▶ [Required action]
An exact copy of the records is required, minus the pictures they hold.

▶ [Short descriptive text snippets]
####################
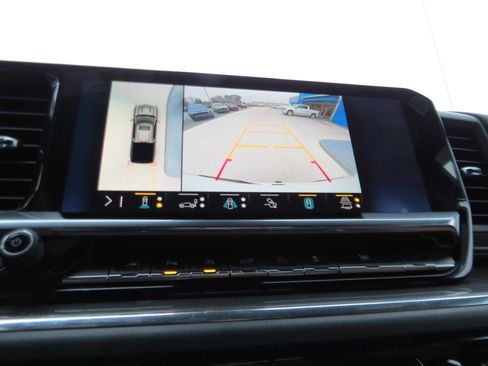 Used 2023 Chevrolet Silverado 1500 High Country w/ High Country Premium Package image 28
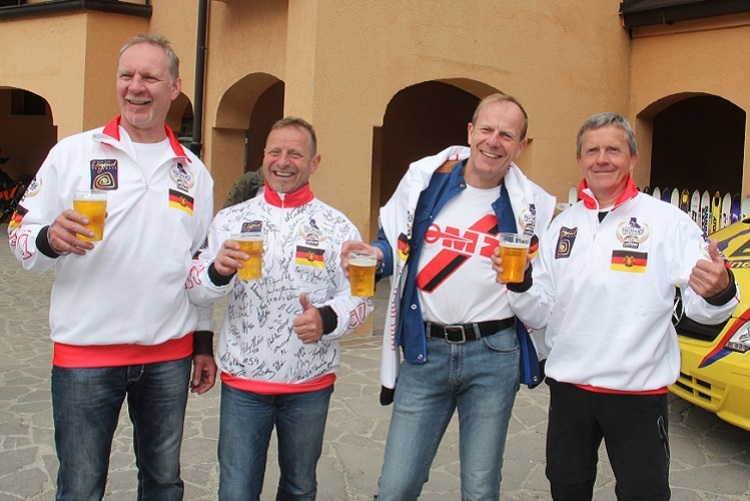 Die DDR-Trophy nach der Zieldurchfahrt: Andreas Cyffka, Jens Thalmann, Uwe Weber, Harald Sturm 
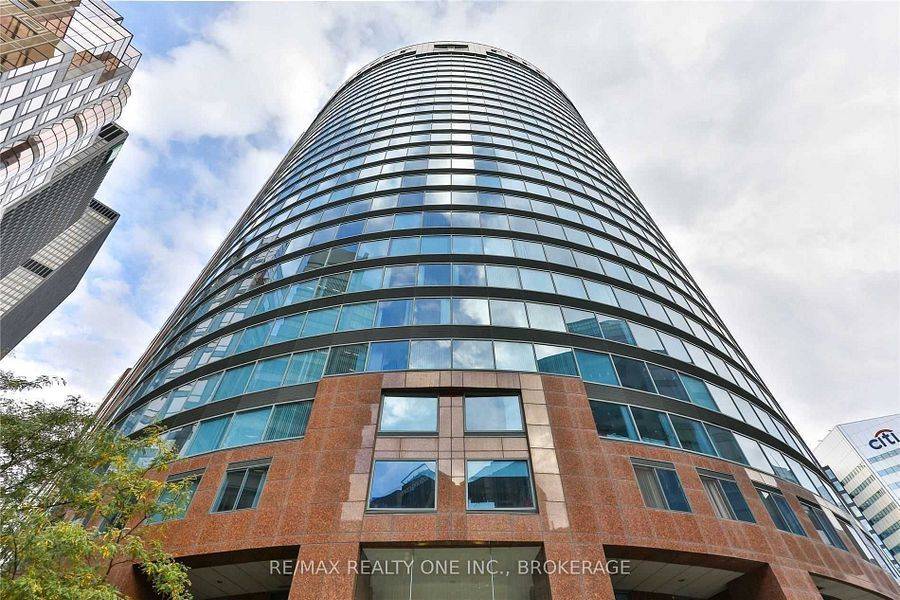Toronto C01, ON M5J 2S7,33 University AVE #1102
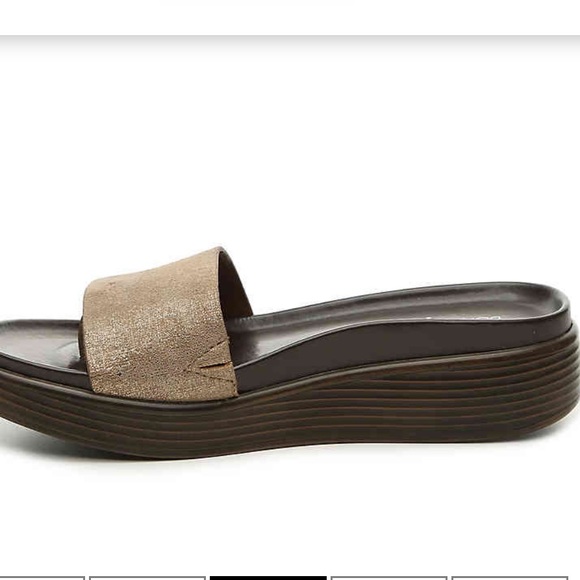 NEW- Donald J Pliner Hidden Thong Sandals - Picture 3 of 7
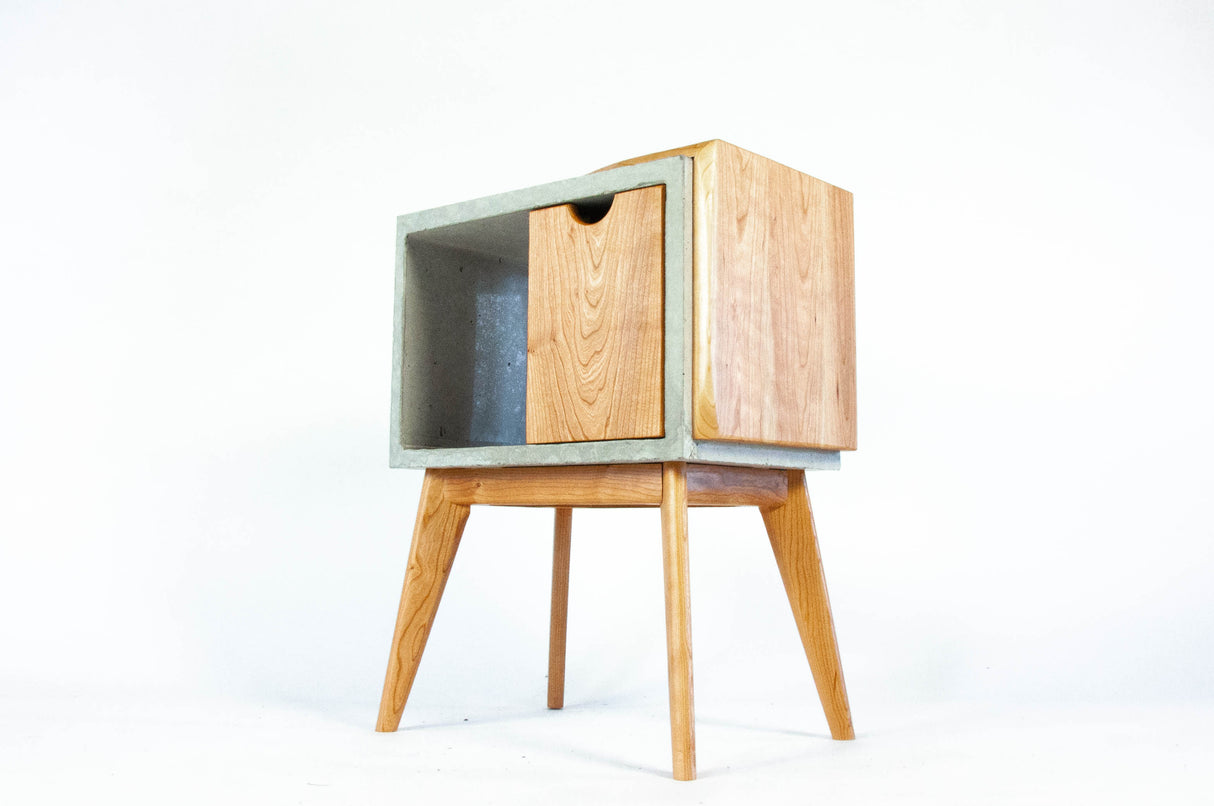 Table d'appoint de lit mi-siècle en béton et bois de cerisier Live Edge avec tiroir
####################
▶ [Exercise output]
 Used 2023 Chevrolet Silverado 1500 High Country w/ High Country Premium Package image 28
 Die DDR-Trophy nach der Zieldurchfahrt: Andreas Cyffka, Jens Thalmann, Uwe Weber, Harald Sturm 
Toronto C01, ON M5J 2S7,33 University AVE #1102
 NEW- Donald J Pliner Hidden Thong Sandals - Picture 3 of 7
 Table d'appoint de lit mi-siècle en béton et bois de cerisier Live Edge avec tiroir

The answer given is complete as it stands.